Periarteritis Nodosa (P.A.N.) is a systemic connective tissue disease with a variety of manifestations that includes ocular involvement in 20% of cases. The diagnosis of this condition is difficult due to the absence of any specific clinical signs or laboratory findings. However, histologic studies have demonstrated a segmental vasculitis that is often necrotic. Ocular findings frequently include choroidal involvement that is characteristic. Nevertheless, angiographic studies of this disease are extremely rare. The findings in three patients suspected of having P.A.N. are presented. Fluorescein angiography established the diagnosis of P.A.N. in two cases and ruled-out its presence in the third case. In the first case angiography demonstrated a retinal vasculitis with multiple arteriolar and capillary occlusions. There was also ischemic involvement of the choriocapillaris and a mild anterior optic nerve vasculitis. All findings resolved, leaving numerous Elschnig spots. In the second case the angiogram showed acute multifocal ischemia of the choriocapillaris. The ocular examination and fluorescein angiogram in the third case were entirely normal, thereby ruling-out P.A.N. on the basis of insufficient criteria. Acute multifocal choroidal ischemia is present in a variety of rare conditions: Toxemia of pregnancy, Disseminated Intravascular coagulopathy, Moskowitz Disease (T.T.P.), Leukemia and Malignant Hypertension.
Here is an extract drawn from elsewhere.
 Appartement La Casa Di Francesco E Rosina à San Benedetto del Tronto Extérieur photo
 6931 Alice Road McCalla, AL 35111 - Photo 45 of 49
However, the presence of multifocal choroidal ischemia in the presence of a systemic connective tissue disorder strongly favors the diagnosis of P.A.N. The relative contributions of co-existent Malignant Hypertension and P.A.N. in producing choroidal ischemia are discussed. The spectrum of clinical manifestations and laboratory findings in P.A.N. as well as hypotheses concerning pathogenesis (immune-complex deposition) are described. Among all systemic vasculitis , only P.A.N., and rarely Scleroderma, feature choroidal involvement. This is possibly due to the fact that the degree of vasculitis in P.A.N. is sufficiently severe to cause clinically significant choroidal involvement.
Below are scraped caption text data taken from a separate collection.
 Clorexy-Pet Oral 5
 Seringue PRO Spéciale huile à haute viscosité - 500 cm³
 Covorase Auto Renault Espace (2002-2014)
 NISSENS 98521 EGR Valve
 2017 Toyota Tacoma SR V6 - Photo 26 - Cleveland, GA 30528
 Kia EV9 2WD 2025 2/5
结节性多动脉炎(P.A.N.)是一种具有多种表现的系统性结缔组织疾病,20%的病例会累及眼部。由于缺乏任何特异性临床体征或实验室检查结果,该病的诊断较为困难。然而,组织学研究显示其为节段性血管炎,常呈坏死性。眼部表现常包括具有特征性的脉络膜受累。尽管如此,关于该疾病的血管造影研究极为罕见。本文报告了3例疑似结节性多动脉炎患者的检查结果。荧光素血管造影在2例中确诊了结节性多动脉炎,在第3例中排除了该病。第1例血管造影显示视网膜血管炎伴多发小动脉和毛细血管阻塞。脉络膜毛细血管也有缺血性改变,且存在轻度前部视神经血管炎。所有病变均消退,留下大量Elschnig斑。第2例血管造影显示脉络膜毛细血管急性多灶性缺血。第3例的眼部检查和荧光素血管造影完全正常,因此根据诊断标准不足排除了结节性多动脉炎。急性多灶性脉络膜缺血可见于多种罕见情况:妊娠中毒症、弥散性血管内凝血、Moskowitz病(血栓性血小板减少性紫癜)、白血病和恶性高血压。然而,在系统性结缔组织疾病存在的情况下出现多灶性脉络膜缺血强烈提示结节性多动脉炎的诊断。文中讨论了并存的恶性高血压和结节性多动脉炎在导致脉络膜缺血中的相对作用。描述了结节性多动脉炎的临床表现谱和实验室检查结果以及关于发病机制(免疫复合物沉积)的假说。在所有系统性血管炎中,只有结节性多动脉炎以及很少见的硬皮病会累及脉络膜。这可能是因为结节性多动脉炎的血管炎程度严重到足以引起具有临床意义的脉络膜受累。